Today we will talk about the main "building block" in deep learning application for NLP - vectors.
Every part - phoneme, word, sub-sentence, sentence, even the whole document could be represented as a vector. I found it really cool.
How to get this representation?
The most straightforward way is to build a word-documents matrix. This matrix will be sparse, so the next step should be a dimensionality reduction (e.g SVD).
The main problem here is an expensive computation (computation cost scales quadratically for n x m matrix O(m x n x n) when (n < m))
Another approach is to learn vector representation directly from the data.
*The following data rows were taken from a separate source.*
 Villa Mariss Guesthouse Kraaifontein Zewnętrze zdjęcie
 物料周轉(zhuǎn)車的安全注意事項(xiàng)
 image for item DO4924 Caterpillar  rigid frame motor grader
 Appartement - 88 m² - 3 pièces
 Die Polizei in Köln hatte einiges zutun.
This algorithm (named word2vec
) was suggested in 2013 by Mikolov. Actually, word2vec is a two algorithms: CBOW(continuous bag of words) and Skip-Gram. In CBOW you are predicting the word, based on words before and after. In Skip-Gram the task is opposite - context prediction based on words.
With this approach, you can very quickly learn words representation(e.g words representation for all words in English wiki (~80 GB unzipped texts) could be learnt in ~ 10 hours with office laptop).
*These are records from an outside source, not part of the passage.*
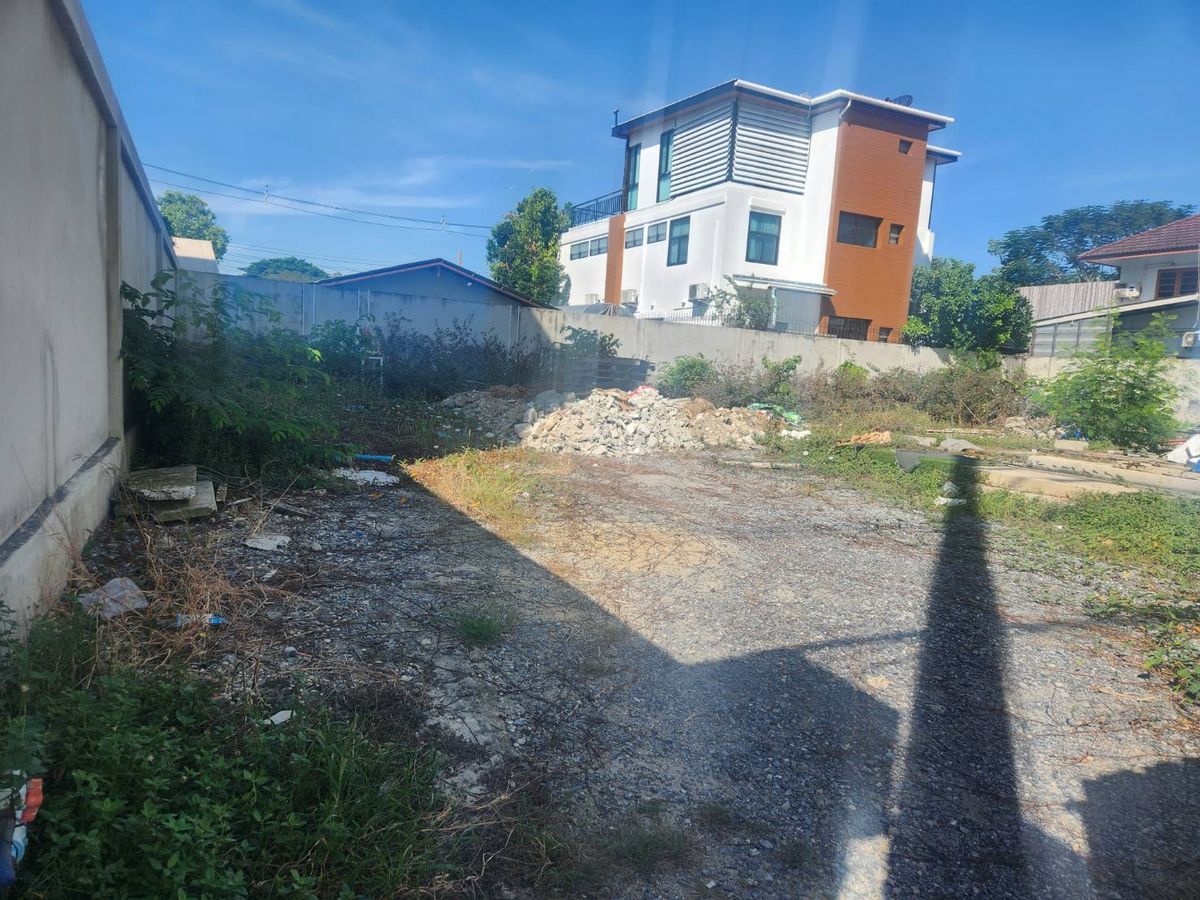 For SaleLandYothinpattana,CDC : Land for sale at 161 square wah, near Central E -Swill.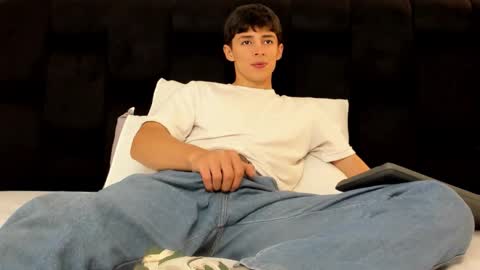 Snapshot of adam_clay21 chatting on 09/13/25, 01:22 ADAM online show from 09/13/25, 01:22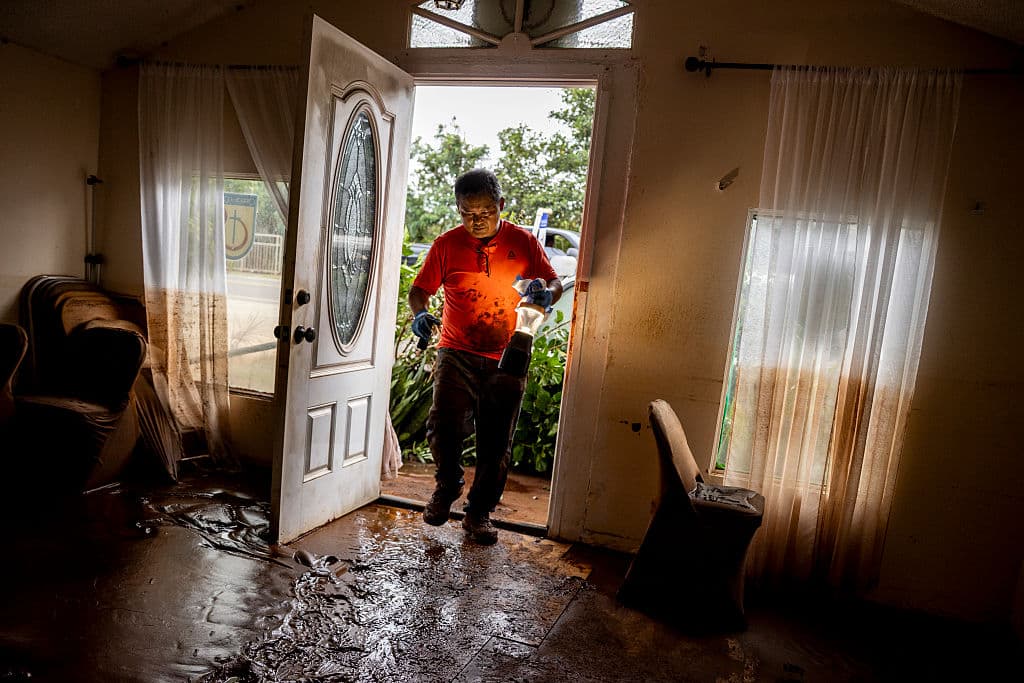 Floodwaters ravage Oahu's North Shore as residents return to damaged homes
You could directly measure the similarity between result vectors (and get a similarity between words context e.g. 'stock market' = 'thermometer', with similarity equal to 0.72). Also, you could use the vectors as building blocks for more complex neural nets.
This approach unlocks really cool new operations, like adding or subtraction word representations which look like adding or subtraction context of words.
Or even cooler:
Iraq - Violence = Jordan
President - Power = Prime Minister
Guys from Instagram applied this technique for obtaining meanings of emoji.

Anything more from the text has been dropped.